What Beverly wants her BPG students to know about getting the most of out their LSS training:
- Be able to articulate and provide a definition of Six Sigma succinctly (15 words or fewer). Bev’s succinct definition: “Six Sigma is a data driven, problem solving methodology that improves performance. “ Bev further emphasizes LSS’s can be applied to any problem and used across all industries.
- Work as many projects, both paid and unpaid, as soon as your BPG Lean Six Sigma training is completed. She says: “By engaging the problem-solving methodology quickly and consistently, your aptitude and skill in using diverse Six Sigma tools will improve. Your time to complete a project will become more efficient and improve as well.”
- Be excited about solving a problem and never turn down a project. “Volunteer to solve a problem at work, during play, or a hobby or community activity to gain experience using Lean Six Sigma tools.” Here are some suggestions for identifying a volunteer projects:
- Use data (i.e. customer surveys) to identify a pain point.
- Chase the worst first and evaluate the worst first.
- If you are job hunting, ask during an interview “What are your top two pain points (e.g. frustrations)? What keeps you up at night?” Then volunteer to solve a problem using the LSS skills learned. Companies love employees who are problem solvers, critical thinkers, intellectually curious with goals of saving money, increasing revenue while enhancing process efficiency.
- Create your personal Lean Six Sigma (LSS) tool box based on the types of problems you will typically need to solve.

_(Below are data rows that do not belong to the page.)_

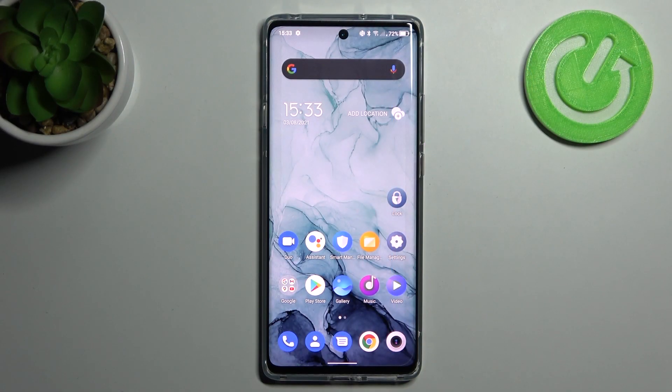Welcome! Today I will show you how to customize your volume panel on your TCL 20 Pro.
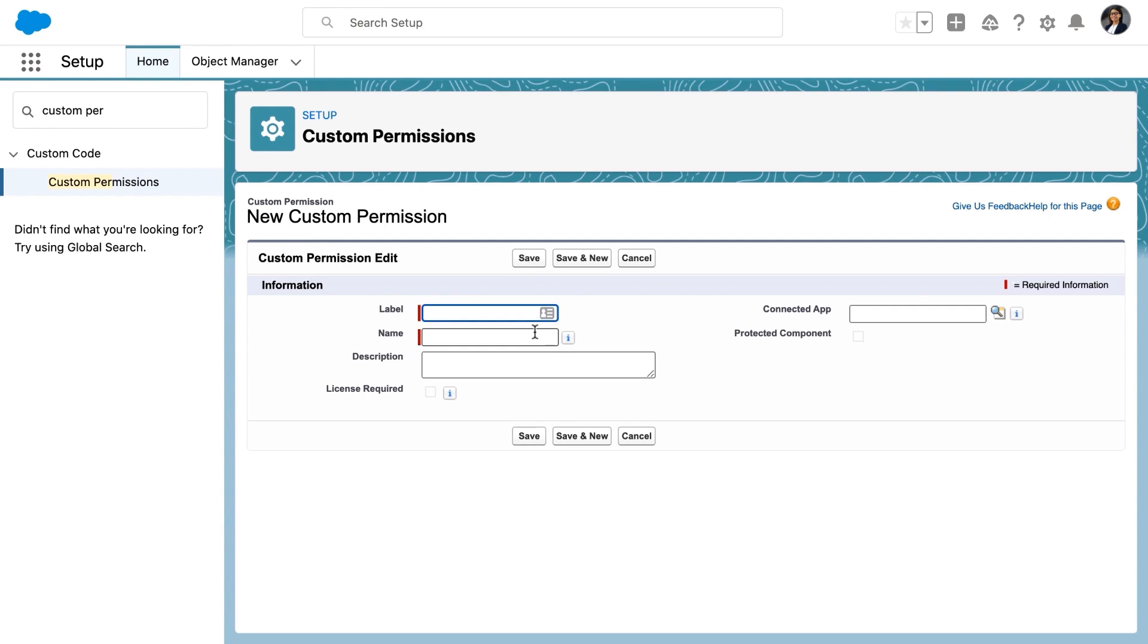From here, she'll click the new button and she'll give it a useful label and a useful description. So this custom permission is for the admin toolkit and the description is going to say something like grants access to tools just for awesome admins.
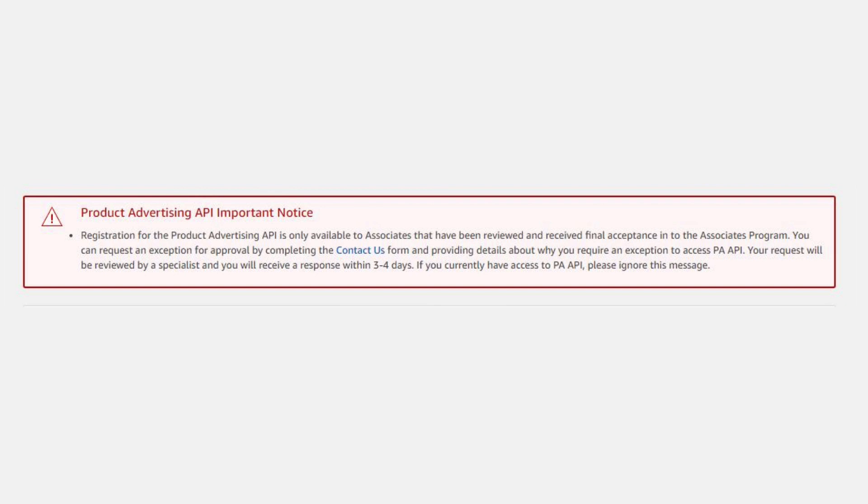But while I was away, I was getting some messages from you guys about the Amazon API, or the Amazon product API, which is what we use when setting up a WooZone site to download all our products. What's happened is a lot of you were getting this message, which basically says that you don't get access to the API unless you're kind of fully signed up and fully approved as an Amazon affiliate.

About 90% of Bev’s consulting work is in business operations. Her standard tool box consists of the following nine tools that she uses across all projects: Project Charter, Executive Summary, Voice of the Customer, SWOT analysis; Value Stream Mapping, Defects Per Million Opportunities (DPMO), Cost of Poor Quality, Control and Pareto Charts. The tools help Bev define, measure, analyze, and improve her clients’ operations. She adds tools as needed based on the pain point or type of problem to be solved.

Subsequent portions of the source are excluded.